Es casi inevitable traer a colación las admitidas selecciones del físico y cosmólogo Stephen Hawking (1942), cuyo natalicio fue contemporáneo al lanzamiento de la emisión radial. Nadie más acreditado que él para disertar sobre las privaciones que trae aparejadas el exilio, para él dentro de su propio cuerpo, y para la valoración del milagro de existir. La música para Hawking representa el venero donde sus limitaciones --padece una esclerosis lateral amiotrófica que lo mantiene inmovilizado de pies a cabeza y tampoco puede articular palabra-- se expanden hacia el infinito haciéndolo sentir, por segundos inextinguibles, pleno y saludable. A través del estudio del universo --es uno de los creadores de la teoría del Big Bang y un experto en los Hoyos Negros-- encontró su razón de ser, pero gracias al arte sonoro descubrió la belleza de lo invisible. Además del Gloria de Poulenc, del Requiem de Mozart, de la ópera Turandot de Puccini, del Acto I de Las Valkirias de Wagner, del Concierto para violín de Brahms, de la canción Je ne regrette rien de Edith Piaf y de Please, please me de los Beatles, afirma que el movimiento lento del Cuarteto op. 132 de Beethoven([6]) es la obra que escucharía antes de que una ola gigante borrara su isla del mapa…
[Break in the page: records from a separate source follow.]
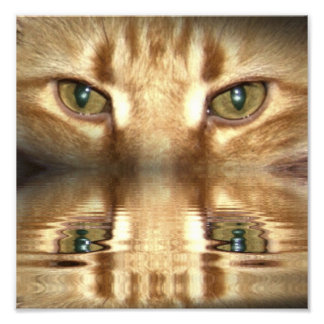 Impression Photo Yeux de chat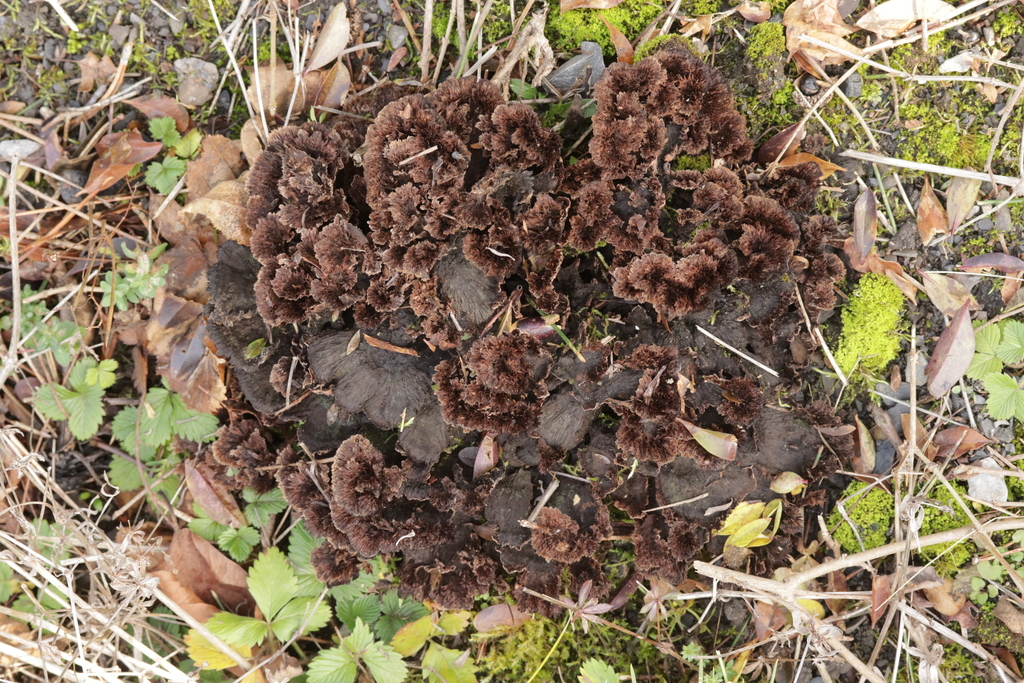 Thelephora terrestris · November 2025 · photo: © bjoerns (iNaturalist, cc-by)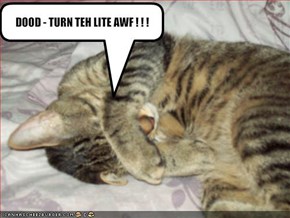 DOOD - TURN TEH LITE AWF ! ! !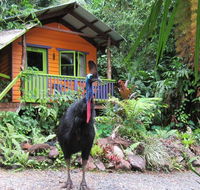 Rainforest Hideaway - Goulburn Accommodation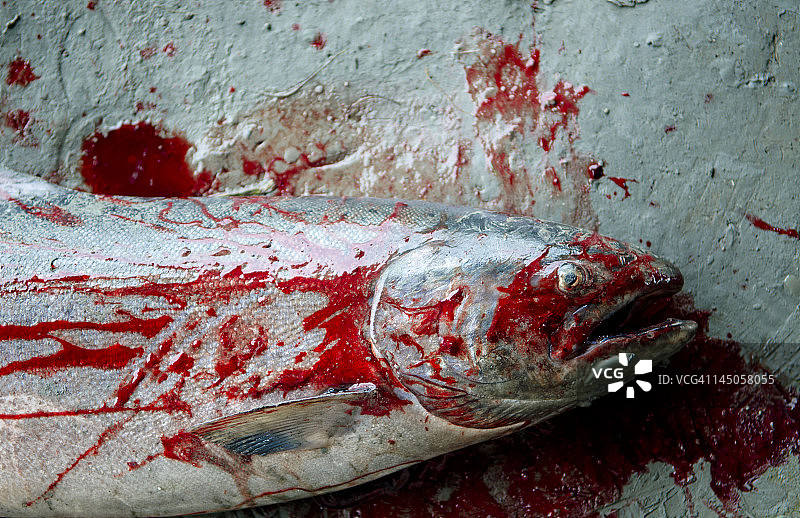 最近捕获的阿拉斯加帝王鲑鱼，位于阿拉斯加州安克雷奇的河边图片素材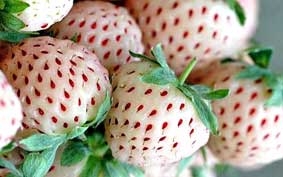 Dâu tây trắng vị dứa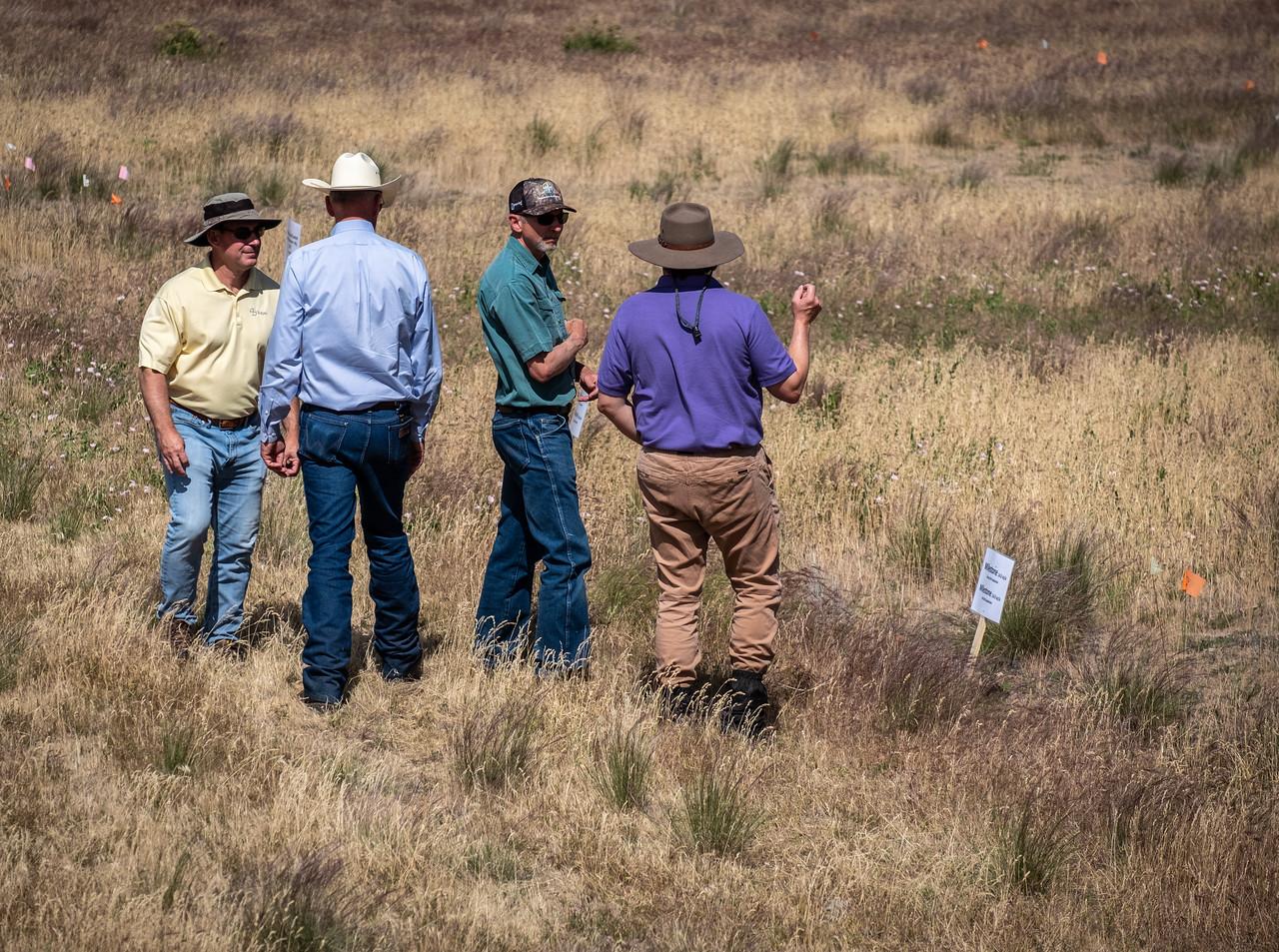 Group of people conversing in a grassy area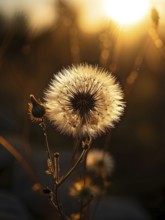 Macro shot of a dandelion (Taraxacum officinale), focusing on the fluffy seed head and fine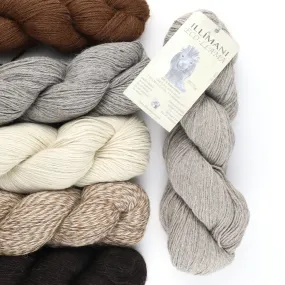 Illimani Eco Llama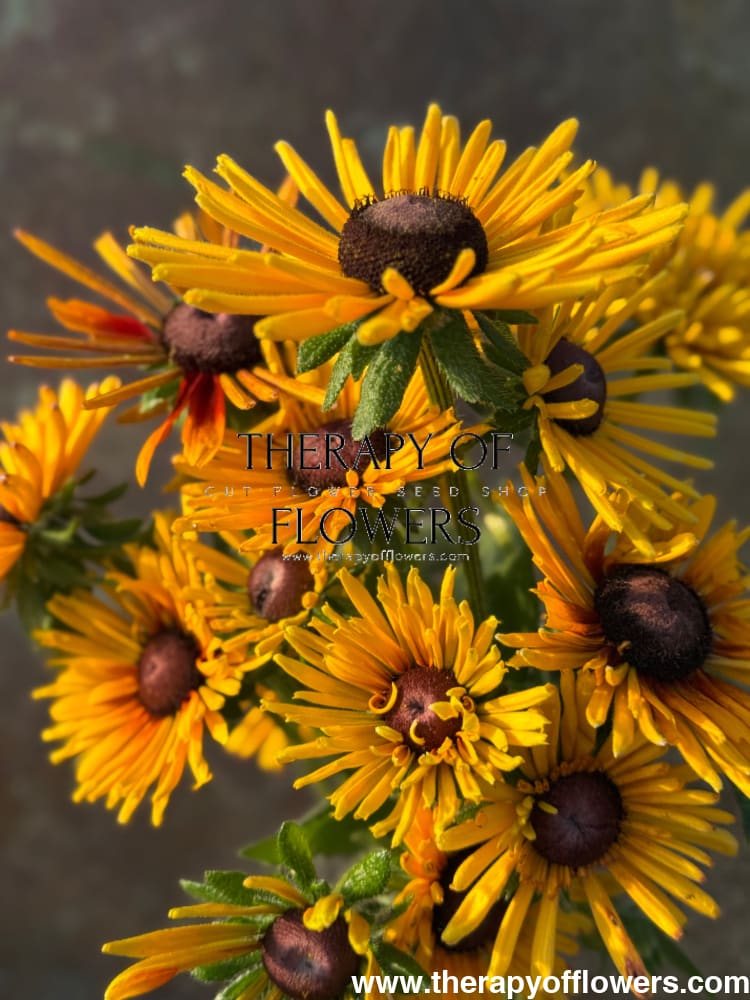 Rudbeckia hirta Chim Chiminee therapyofflowers.com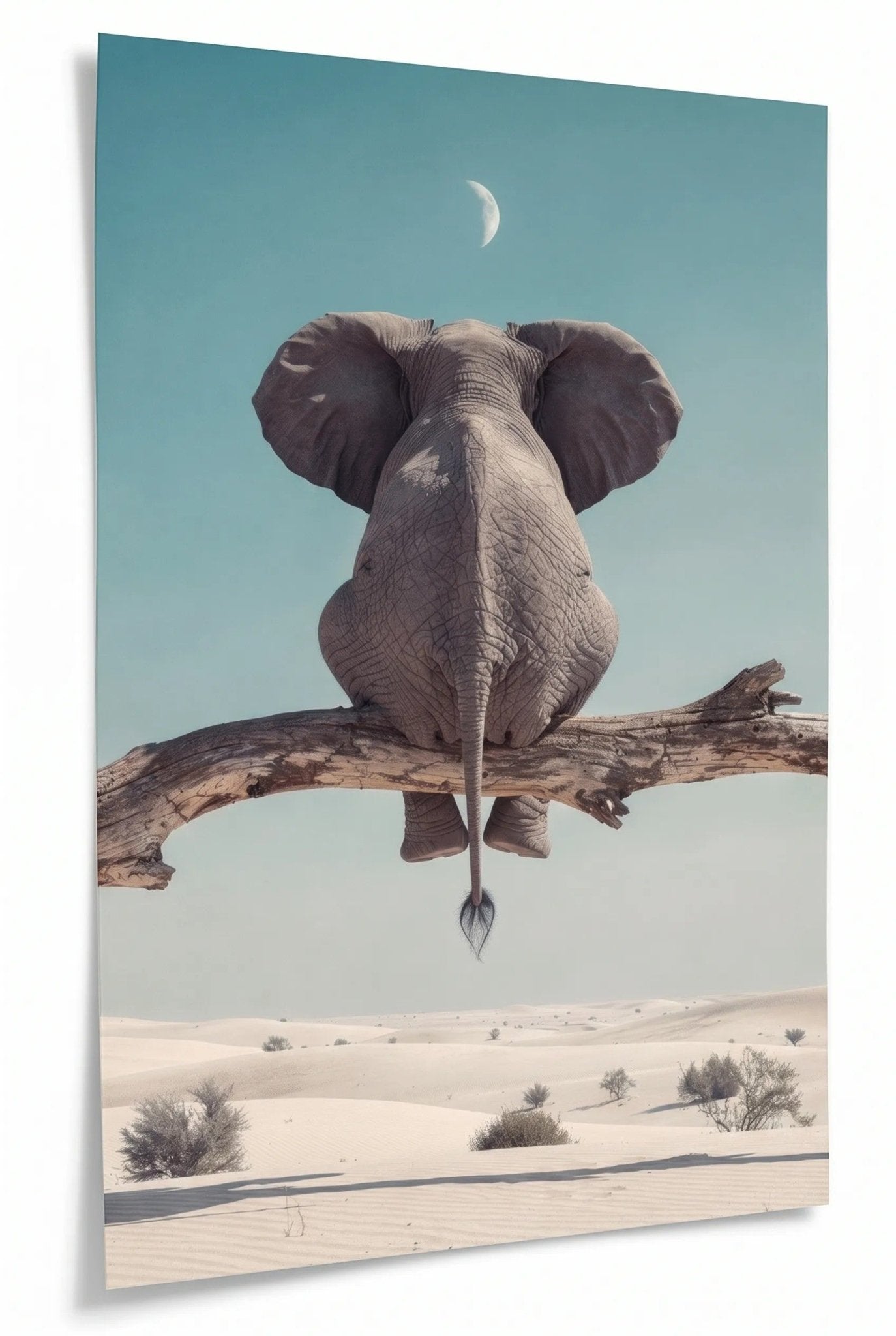 Elefant sitzt auf Ast in der Wüste – Halbmond - Dein Wandbild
Ahí tenemos el lector de discos compactos con batería solar, no carecemos de artículos suntuarios, empero nuestros islotes cada día se hunden más en la incertidumbre; dispongámonos a revisar nuestras actitudes para que en las forzadas trincheras de nuestra subsistencia resuene una música que nos renueve la alegría de estar vivos.
([1]) En radiodifusoras de muy diversas nacionalidades han aparecido programas que han emulado al original. Para no ir más lejos, la estación Opus 94 del IMER (Instituto Mexicano dela Radio) lanzó su propia versión titulándola Música para un naufragio.
([2]) La incongruencia numérica se debe a que muchas obras elegidas contienen varios movimientos.
([3]) Para la audición de ésta y el resto de las obras referenciadas diríjase al sitio proceso.com.mx
([4]) Su titulo inicial fue Variations on an Original Theme y les corresponde el número de opus 36.
([5]) No es de fácil reconocimiento, pero las primeras notas del tiempo lento de la Octava sonata para piano de Beethoven, fueron simiente de tal variación.
([6]) Además de haber sido compuesto con el oído interno únicamente, Beethoven lo utilizó para describir una fase crítica de sus padecimientos, junto a la dicha por recuperar temporalmente la salud. El subtítulo de este movimiento Molto adagio lo esclarece: “Una canción sacra de agradecimiento a la divinidad por un convaleciente, en modo lidio.”